There were three of us Gen X’ers in the room. I picked us out of the crowd of thirty immediately. We were all on the older side of Gen X. I could tell by the wrinkles and the gray hair, but there was still something young about us – a slouch, a wicked smile, or the lack of a tie. We were grayer than some of the Boomers who just can’t seem to not color their hair.
This was a typical meeting in this town. Most of the people there were Baby Boomers, and there were just two people older than that. There were three Gen Y/Millenial support staff in the room, silent and bright eyed. I live in world in which I almost watch myself work from afar when I am bored. I was thinking I might Tweet : “The unbearable whiteness of meeting…” I think that about summed it up. There were going to be few divergent opinions in this meeting with its momentum barreling towards a certain conclusion. Still, almost every meeting these days has me wrestling with an alter ego who is stumbling towards the Gong Show bell like a gooned up Chuck Barris to sound the internal alarm of Bullshit. Bullshit. Bullshit! Paul Revere on a horse, “The Bullshit is coming! The Bullshit is coming!”
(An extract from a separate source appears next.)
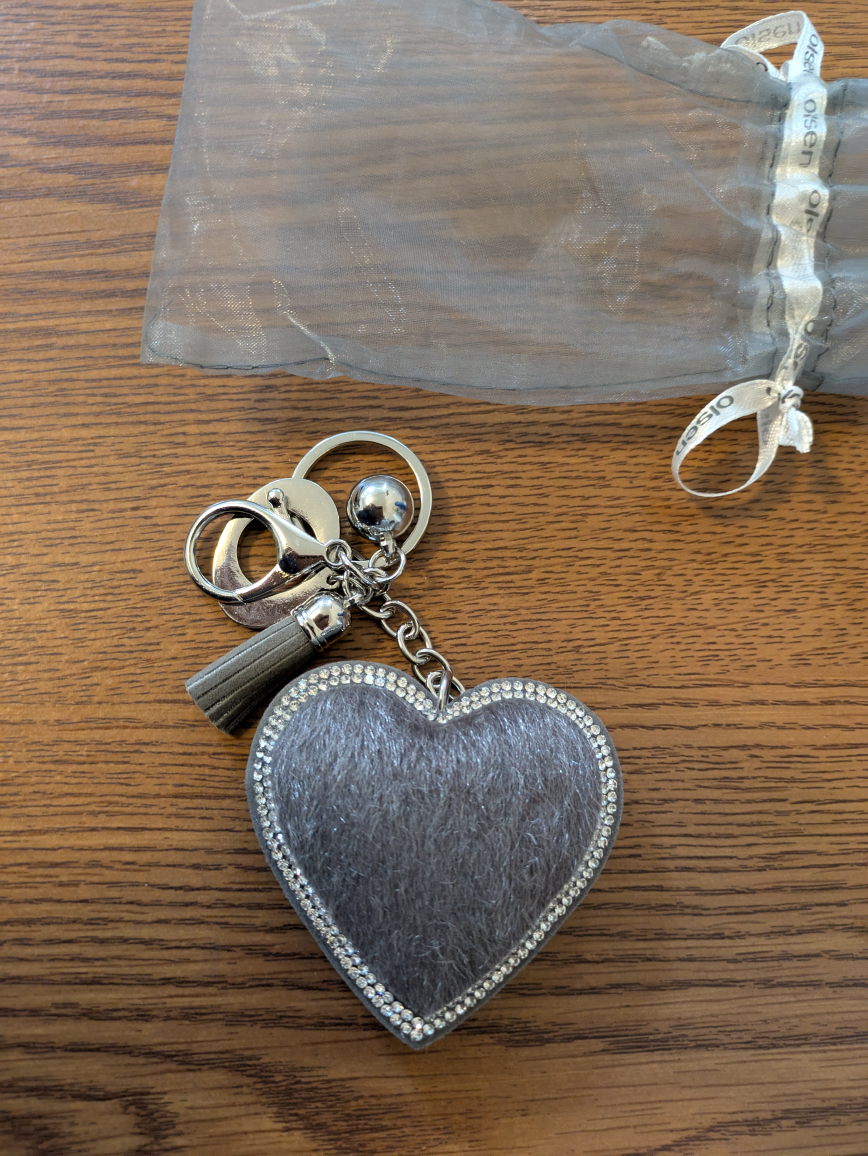 Grey Heart-Shaped Keychain with Rhinestones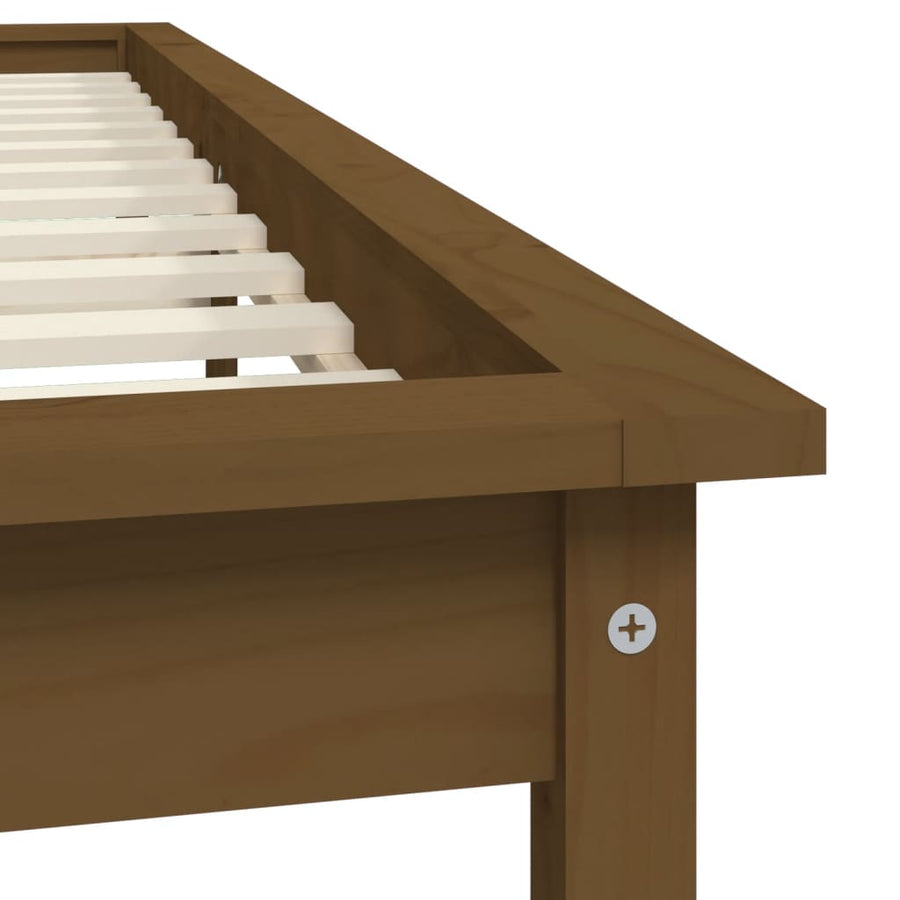 Bedframe Massief Grenenhout 200 x 200 cm Honingbruin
The meeting facilitator asked by show of hands how many of us were from 501 c 3’s. Most of us were. He singled out a few folks to ask, “What are the main things you do if you had to just give me three words?” Advocacy was the one that came up first in most cases. A few mentioned networking. One or two mentioned services. Two mentioned education. This didn’t surprise me since it was a meeting of associations, and if the room had been full of museums, I would likely have heard something like education, interpretation, exhibition, and preservation or something along these lines. I am not sure I would have heard advocacy at all.
Mitch Swain from the Greater Pittsburgh Arts Council led a session I attended over the winter that got me stoked about the advocacy work that I do. Most of the folks in Mitch’s session were from arts organizations or museums. He said, “Is Advocacy in your Executive Director’s job description? It should be.” As it so happened, there was one arts organization director, and by all accounts a capable hard working guy, who said out loud, after raising his hand, that he could not participate in advocacy because his organization was a 501 c 3. I wrestled free of my own self and called Bullshit on this. The “NO” came out of me like an exploding hand grenade. There were plenty of other people muttering, “No, you can advocate,” too.
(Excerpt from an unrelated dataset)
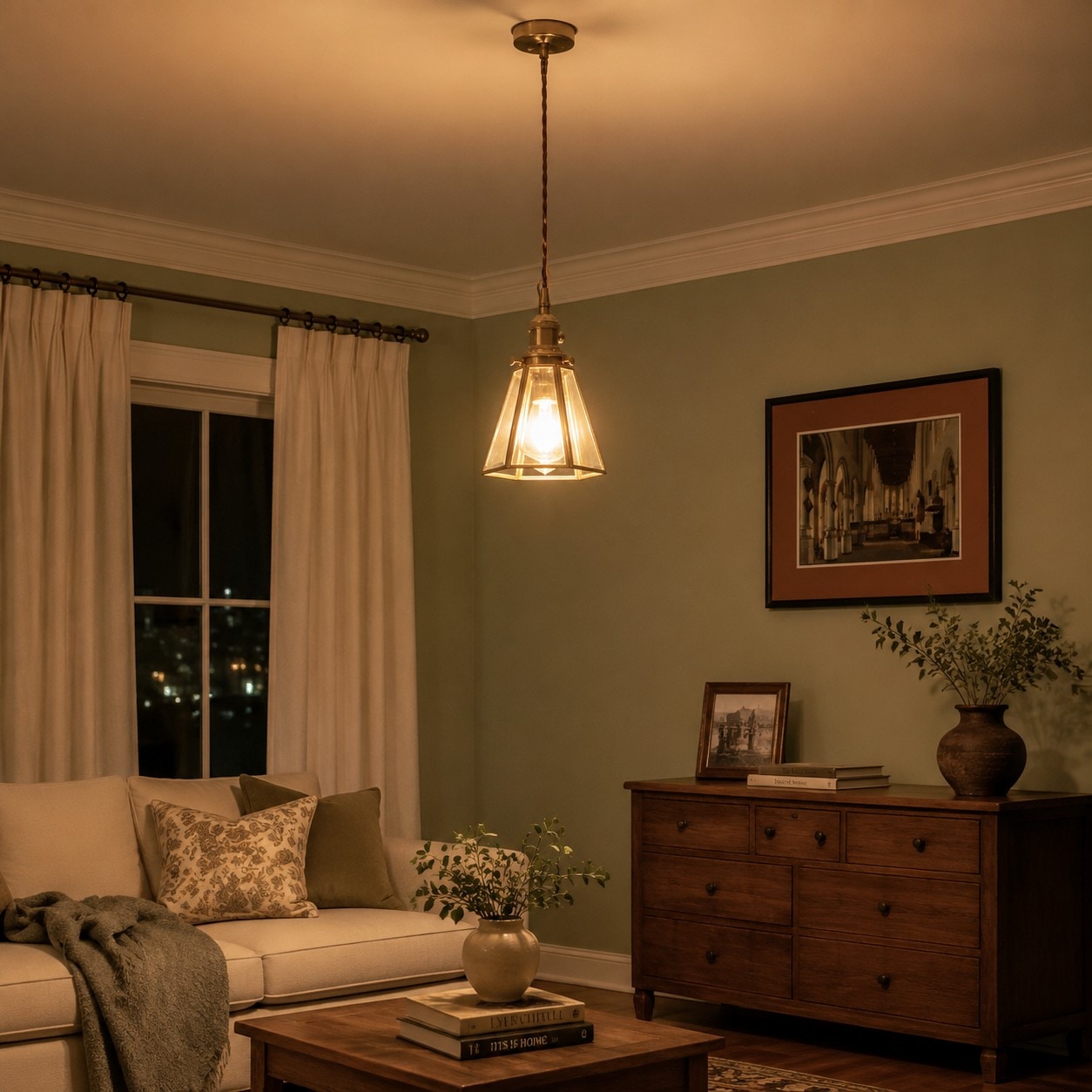 Clear glass pendant light glowing in a warm evening room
This is killing us. We need to be advocates, all of us, directors, trustees, professional staff, and everyone who works in whatever 501 c 3 is our passion. This idea that we cannot advocate is bullshit. It is a cop out so you can keep doing the more passionate, comfortable things on your to do list until the public and various levels of government decide you must not need anything since they haven’t heard from you. This idea that you will have your 501 c 3 revoked for advocating is bullshit. Do you know anyone that has ever had that happen to them? I don’t. Do you? Name one. It is bullshit.
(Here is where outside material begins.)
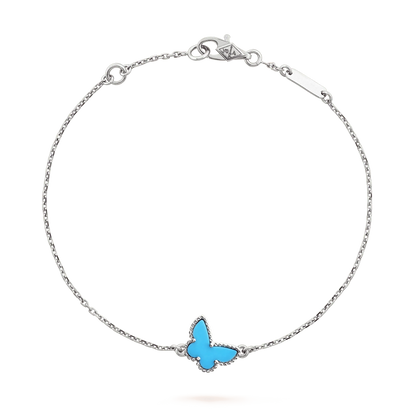 [⭐Luxery]BUTTERFLY TURQUOISE BUTTERFLY BRACELET SILVER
Advocacy is educating the public and government entities about issues related to your industry including why you may need funding, where you intersect with other public institutions like schools, libraries, or tourism offices, and how many people your industry impacts as a quality of life concern or a job creation machine. Museums have great stories to tell about this. They say you can lose your 501 c 3 if you “influence specific legislation.” I have worked my ass off in advocacy, and I never once, not a single damned time, influenced specific legislation. If you think lawmakers or the public are going to immediately do something for you the minute you speak up, you are dreaming. You have to keep at it year after year after year. This is a complex world. Your organization is great, but if you aren’t heard when it’s budget time, does anyone die? Do you think you are that important? Bullshit.